New subject: data import question

23 Jul 2003

      Tuesday, July 22, 2003	  18:20 CDT

Hi, Derek,

You were dead-on right in your interpreting
...
I believe (correct me if I'm wrong) that I want the 016.9733 to end up
in biblioitems.classification and the C475m to end up in
biblioitems.subclass.
Whether the gods of LC should ever have caused so much trouble in splitting
up the constituent parts of a call number, the numbers map as you suggested
from 852h (the classification number, i.e. the sequence of alphanumerics
for all items on a given subject/topic) and 852i, the completion of the
call number (the item number, i.e. the sequence of alphanumerics yielding a
unique address/identifier for that particular object).

Some libraries seem to ignore the formal definition of the 852h and enter
the WHOLE call number in that field (classification part and item specific
designator); this certainly makes things easier, although it is not
strictly speaking correct. You could make a similar pitch to use the 852c
that way, although again, not strictly speaking correct. 

Just a quick addendum re: Larry Stamm's response -- at least, I think it
was Larry's part infra, but I wasn't quite clear who was writing, so my
apologies to Larry if this is a misattribution -- viz. what is arbitrary in
the '852'.

Of course, all of the structure of tags and subfields is arbitrary (in the
sense of having no real reason for having been designated as they are), but
the mapping of the 852 is a little more defined now. Remember to check LC's
MARC documentation to see what fields and subfields within fields are
defined and how they are used. The concise MARC info online is kept
up-to-date and it does contain examples to help clarify proper usage. For
852 surf to

   URL <http://www.loc.gov/marc/bibliographic/ecbdhold.html#mrcb852>
...
...
...
The mapping that I am trying at the moment is:
items.itemnumber -> 852 f (arbitrary mapping - no data in this
subfield in the original MARC record of our old system )
items.multivolumepart -> 852 m
items.barcode	   -> 852 p
items.dateaccessioned -> 852 8
items.homebranch	   -> 852 a (arbitrary mapping)
items.price	   -> 852 9
items.itemnotes	   -> 852 z
items.holdingbranch   -> 852 b (arbitrary mapping)
Your mappings might have to be slightly different depending on
where your current MARC records are storing data.	Since many of
our library's records were entered by hand, I am having to "fix and >>
reconstitute" the MARC database to standardize the entries.  This
is not proving to be an easy job to catch every error.
The rest of the columns in the items tables are left unmapped for
now.
# From the prescribed definition and usage examples given, you will note that

   852 $8 is designated for Link and Sequence Number
   852 $9 is not defined [numbers tend to be avoided though]
   852 $a is prescribed: it must be a valid Organization Code
   852 $b is prescribed: as Sublocation or Collection
   852 $f is prescribed: Coded Location Qualifier, to distinguish
	  subparts or specific issues of an items that are located
	  apart from the main holdings of the same item

Mapping for 852a, 852b, and 852f should not be treated arbitrarily.
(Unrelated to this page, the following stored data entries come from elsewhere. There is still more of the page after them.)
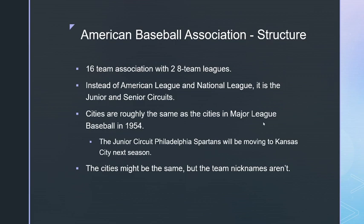The team representing the New York Yankees is called the Gotham Grays, since Gotham is a nickname for New York City. In 1955, the Philadelphia Spartans will move to Kansas City. If the league runs to 1958, when Los Angeles gets the Brooklyn Robins, they'll be known as the Stars, and when San Francisco receives the Queen's Royals, they'll be known as the Seals.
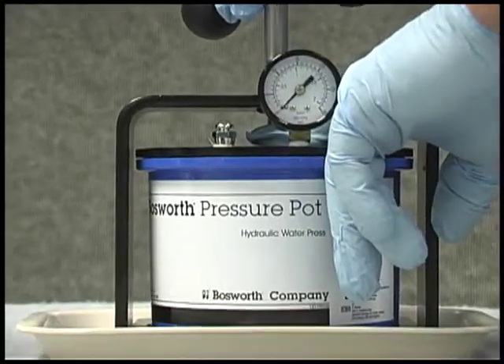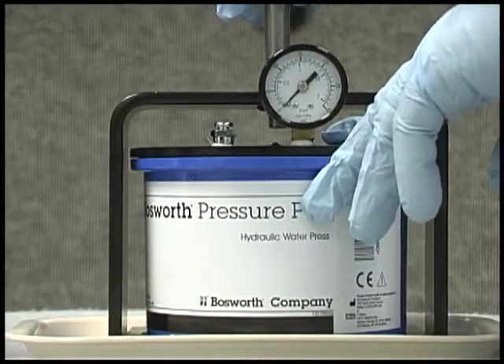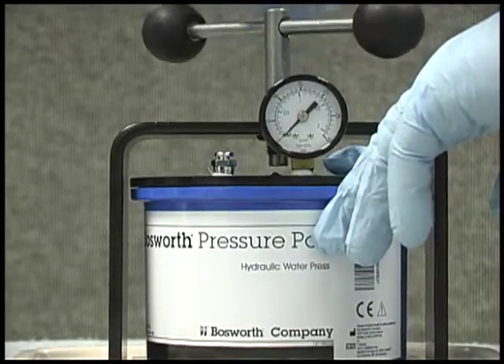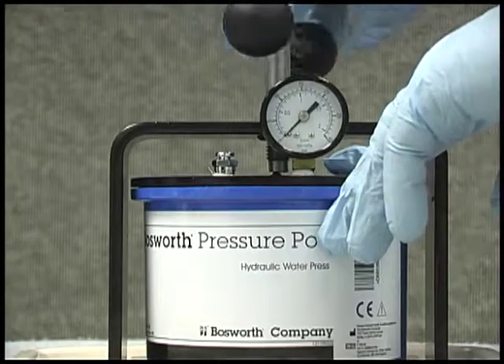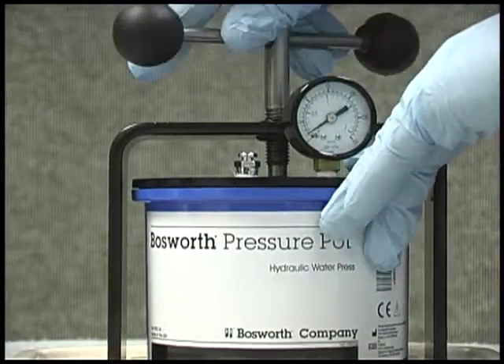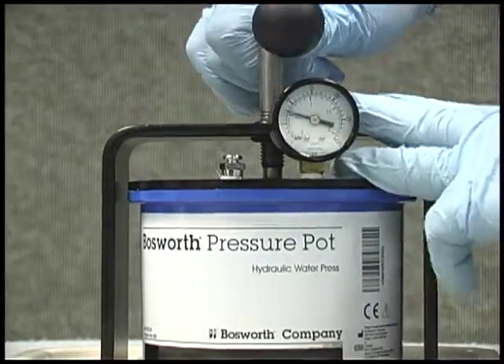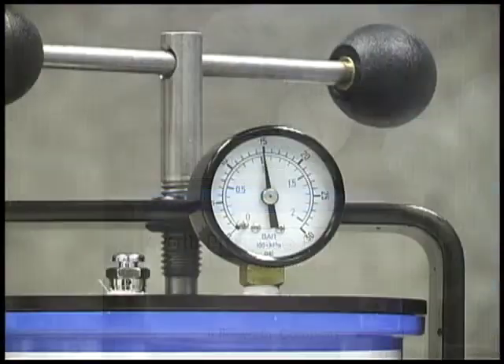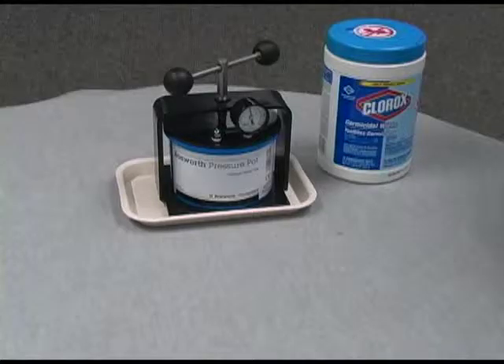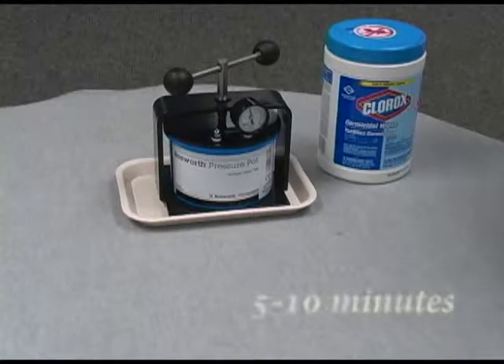Make sure to align the handle with the center silver button on the top of the pressure pot lid. For optimal results, turn the handle until the pressure pot gauge reads 10 to 15 pounds. To prevent damage to the pot, do not exceed 15 PSI, as this will strip the bushing off the brace or otherwise damage your pressure pot. Keep your acrylic appliance in the pressure pot for a minimum of 5 to 10 minutes.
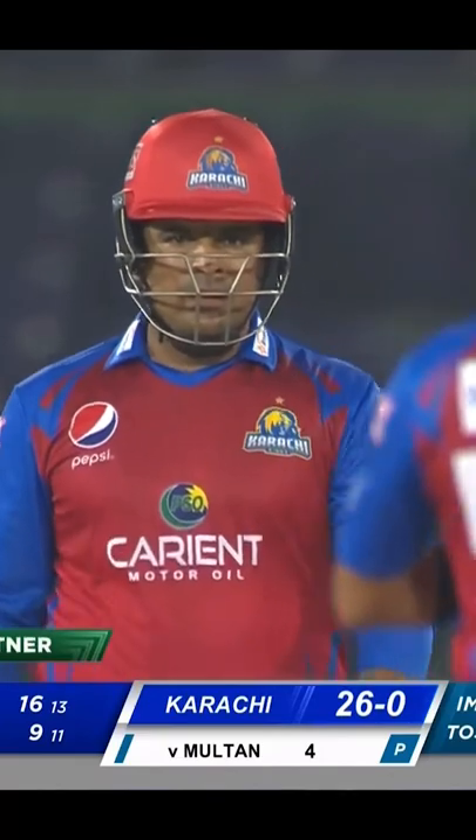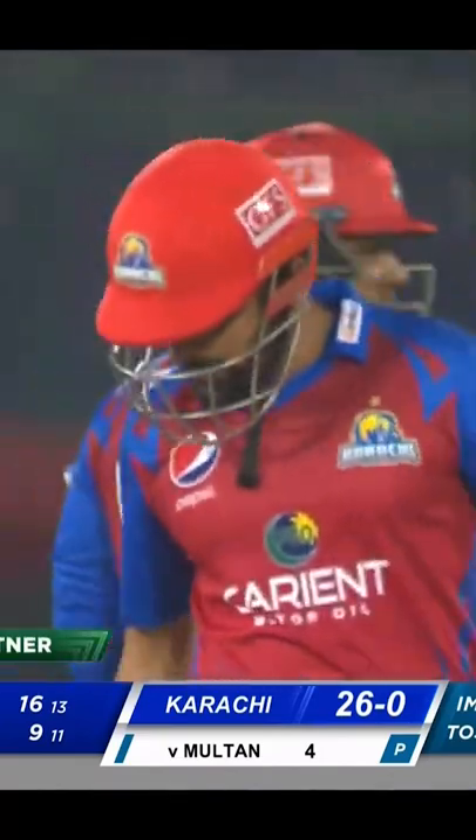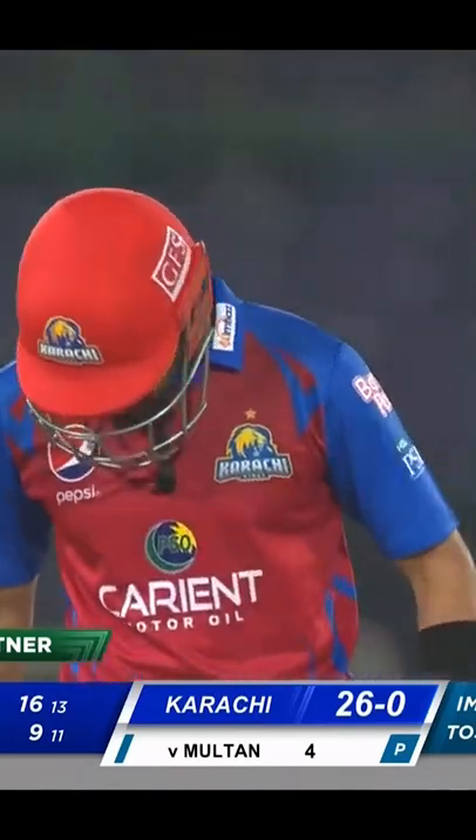We've already seen him play the pickup shot when the length is slightly shorter. Here they're trying to pitch it in slightly full and still trying to get play across the line, probably for a top edge, or maybe stick in LBW.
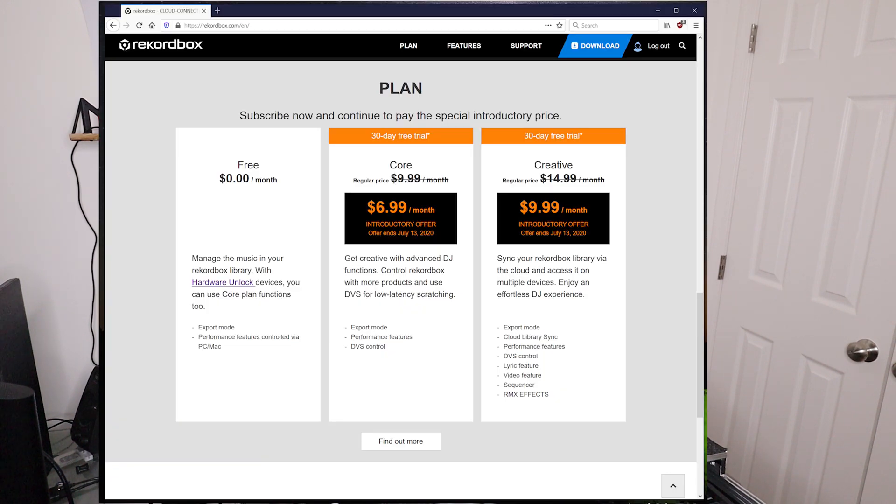They have different subscription tiers, and I think the top tier is $9.99 a month, which includes all the cloud stuff, Ableton Link, and everything else. But out of those features, very few are things I'm actually interested in using, and everything is a separate subscription on top of that.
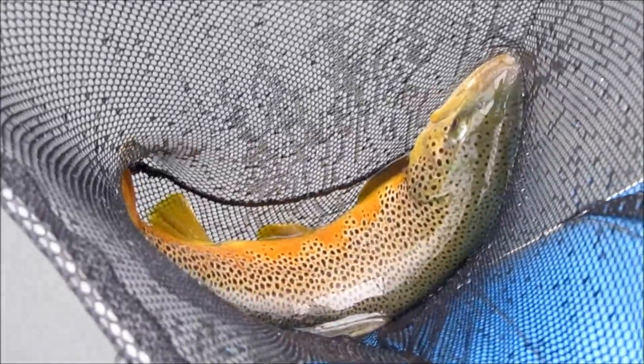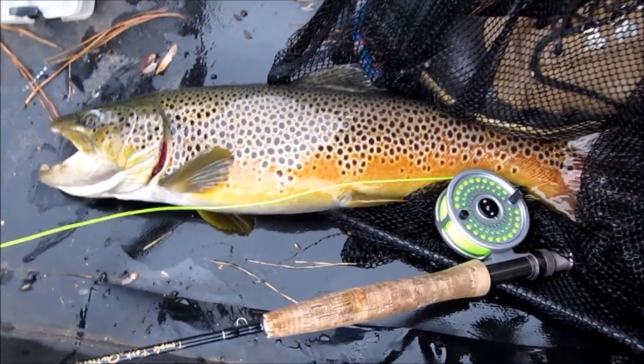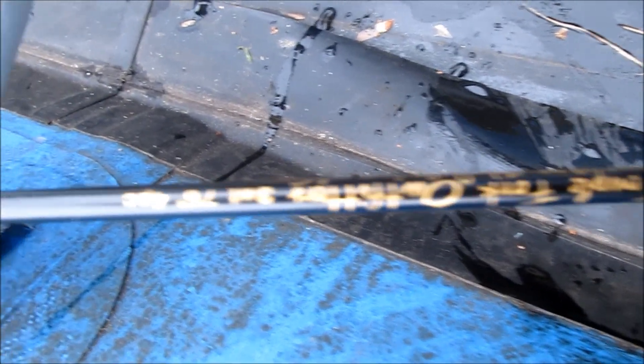Swim right in. Yeah. Beautiful Saluda River brown, and he will go back for you to catch. There he is, right alongside that TF0 three weight. We got him to bend the rod, we got him to take. Good-bye. See you.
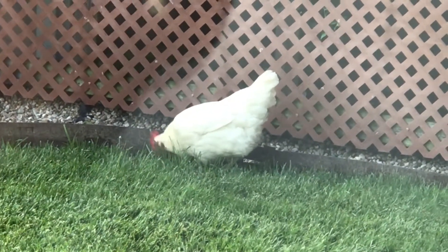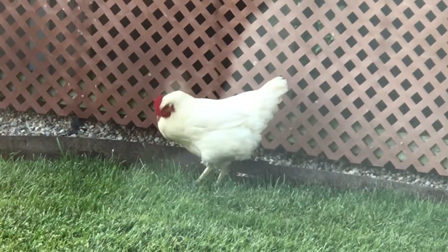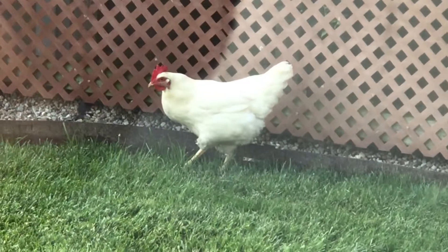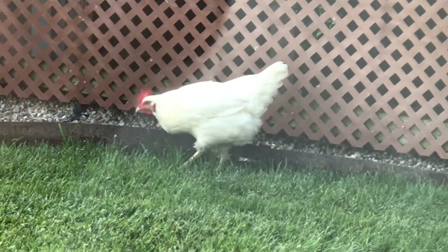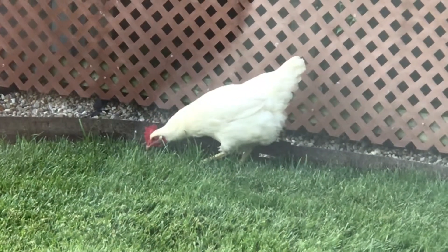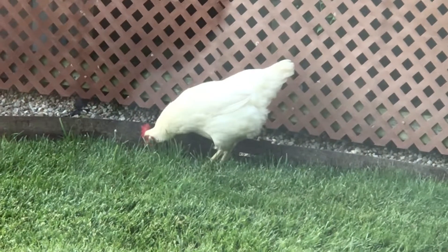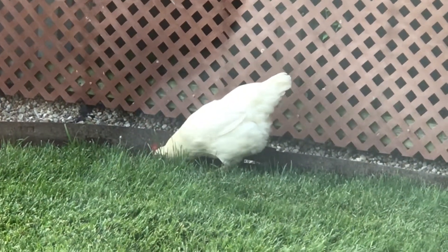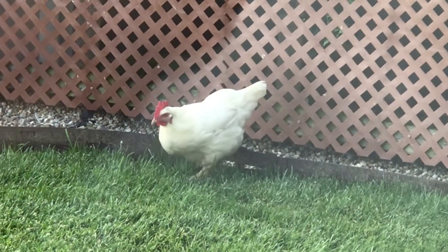She wants to scratch and peck. So there it is — the hop, skip, and she's down.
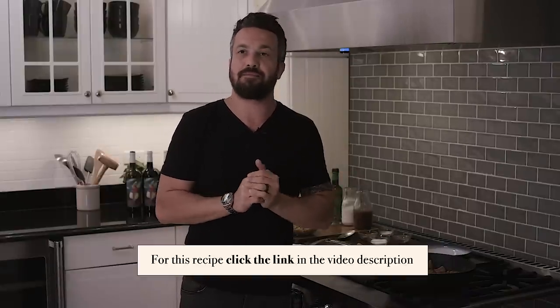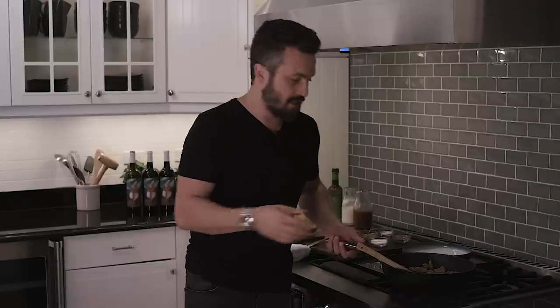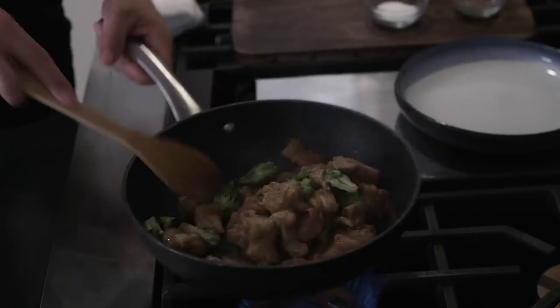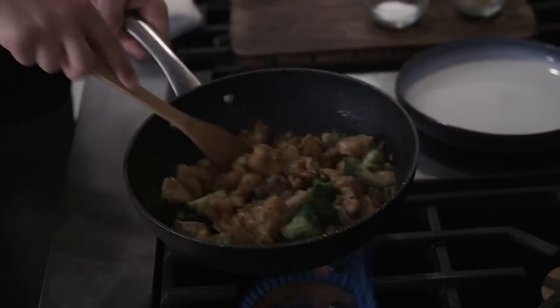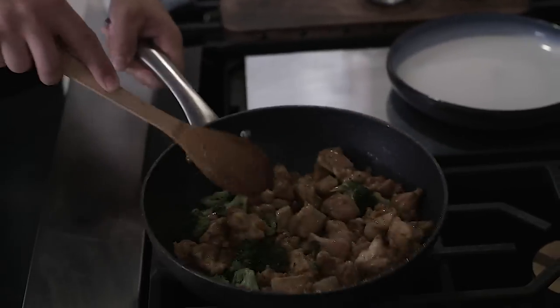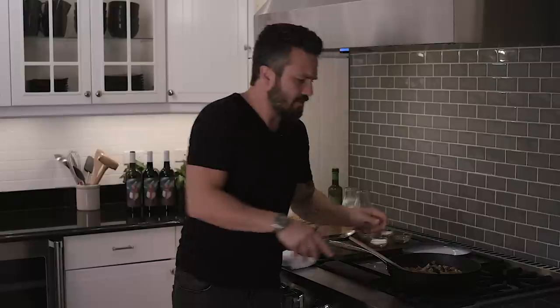It will barely be sufficient. I'm getting much better with English — a lot better than season one of Fabio's Kitchen! I'm gonna let the chicken and broccoli cook for a couple of minutes — we'll be right back.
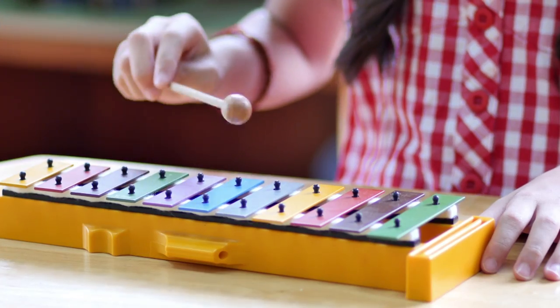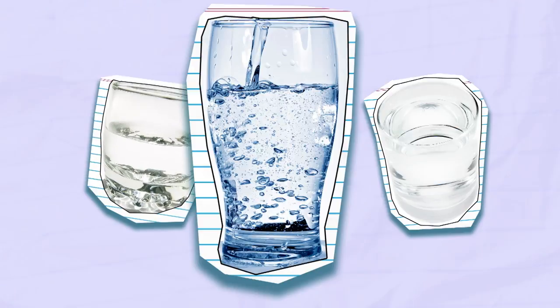We're going to make a xylophone using glasses and water. Make sure to do this experiment with a grown-up. First, I got different size glasses.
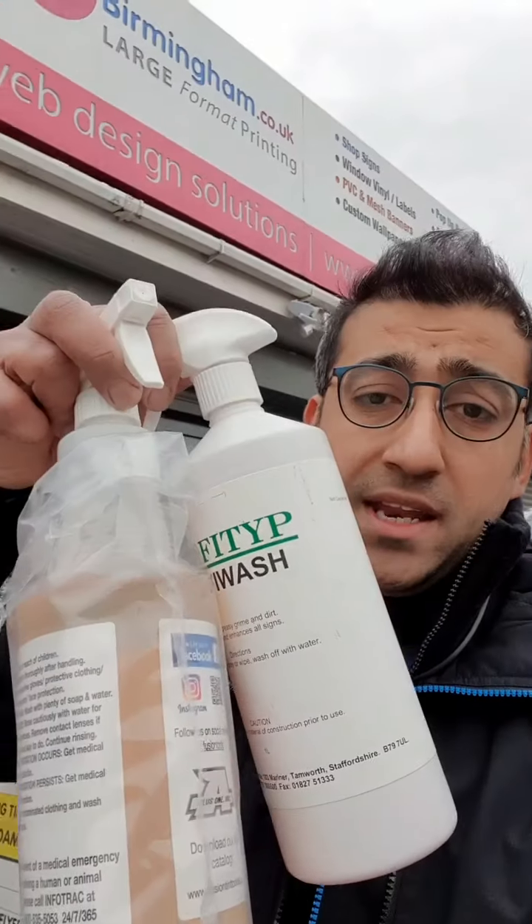Hi guys, thank you for joining me today. I'm going to be removing some vinyls from this particular van here, and I just want to show you how I've been going about doing this.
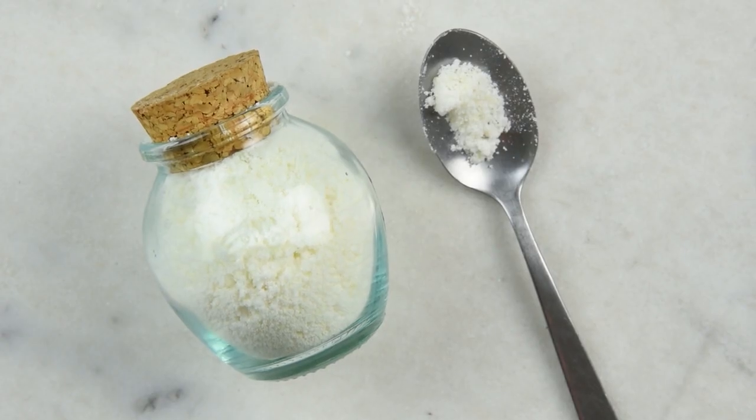And there you go — you just made some foaming cocoa butter bath milk. Thank you so much for watching. Please subscribe and check the description box below for the full written recipe in both metric and imperial, and links to this recipe on my blog. You'll also find links for all the places you can buy these ingredients all over the world, so you don't have to worry about where to buy sodium cocoyl isethionate. See you next time!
Your 852b will doubtless be correct. For the 852a, you may have a valid
location code assigned to your library: check the MARC list for
organizations or ask your librarian for the Library Symbol, WHO code, etc.
or whatever is normal for your library.

Your usage of 852m and 852p seems fine (I've certainly seen many examples
of them used as you propose).

For the rest, I'd suggest an alternate mapping:

   items.price	-->  852 $x Non-public note [LC ex. gives accession no.] 
   items.itemnumber --> 852 $w [unused; unlikely to be used in future]
   items.dateaccessioned --> 852 $d [unused; unlikely to be used in
				     future: if possible, you could use
				     a second 852x, since LC allows
				     this as a repeatable subfield]

If you employ $w and $d, you'd avoid potential overwrite problems in the
future when importing records or making global changes.
...
...
...
Your mappings might have to be slightly different depending on
where your current MARC records are storing data.	Since many of
our library's records were entered by hand, I am having to "fix and >>
reconstitute" the MARC database to standardize the entries.  This
is not proving to be an easy job to catch every error.
You might be able to use a tool like MARCEdit (available off the LC MARC
tools page) to do simple global edits. You would need to copy data from
fields you know it is currently stored in, transfer it to a temporary 
dummy field (a 9xx) where you can set up the data as you need. Once you
have all the data in standardised places, you could use a global change
delete to remove the 852's that are there and then reconstruct them as you
need them from the correct locations in the dummy fields you set up.
Just a thought anyway.

Kudos to Larry for an incredibly well-thought-out and complete explanation.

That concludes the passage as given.